Alex Zane (born Faris Alexander L. Albayaty) is an English television presenter and DJ.

==Early and personal life==
Zane was born in Leeds and attended Boston Spa School before going on to study Medicine at University College London, a course which he left after a year, and then Media and Communications at Goldsmiths College.
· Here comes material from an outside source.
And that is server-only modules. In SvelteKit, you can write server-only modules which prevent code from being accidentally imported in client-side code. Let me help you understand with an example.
His father is an academic based in Trinidad and his mother a charity worker from Leeds, though a March 2014 interview with the Evening Standard reports that "Wikipedia has Zane's real name as Faris Alexander L Albayaty but when I email asking him to clarify this and some other family details his responses are prompt, polite and discreetly uninformative". He bought a house in Highgate in 2005, having previously rented in the area. In June 2018, it was reported that he was engaged to Nettie Wakefield following a "whirlwind year-long romance". They separated in 2022 following a five month marriage.
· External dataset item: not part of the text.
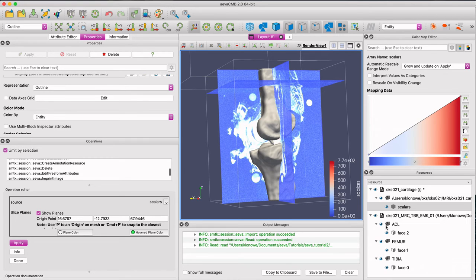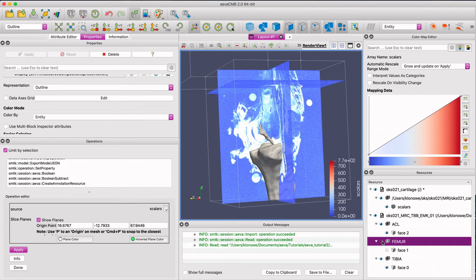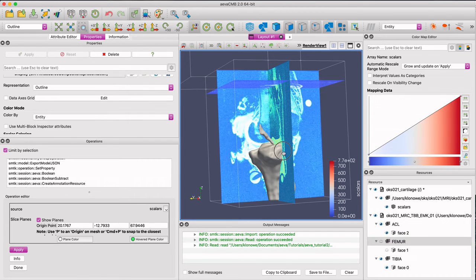You can use the resource panel to turn visibility on or off and move between MRI slices to better view your geometry relative to its volume.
==Stand-up comedy and radio==
Zane began his career at the age of 18 when he became a finalist on an open-mic competition called So You Think You're Funny. He moved to London to concentrate on his career, and before leaving medical school, he presented "The Alex Zane Show" on UCL's student radio station Rare FM. He also presented on Wired FM, which led to his own show on London alternative/Indie station Xfm. His radio show was heard by MTV producers, who subsequently signed him up to present shows such as Screenplay and TRL. From April 2007 to April 2009 he presented the weekday breakfast show on Xfm. Zane left Xfm in April 2009, with the station stating that his sudden departure was by "mutual agreement" following a disagreement over a controversial self-created song by Zane.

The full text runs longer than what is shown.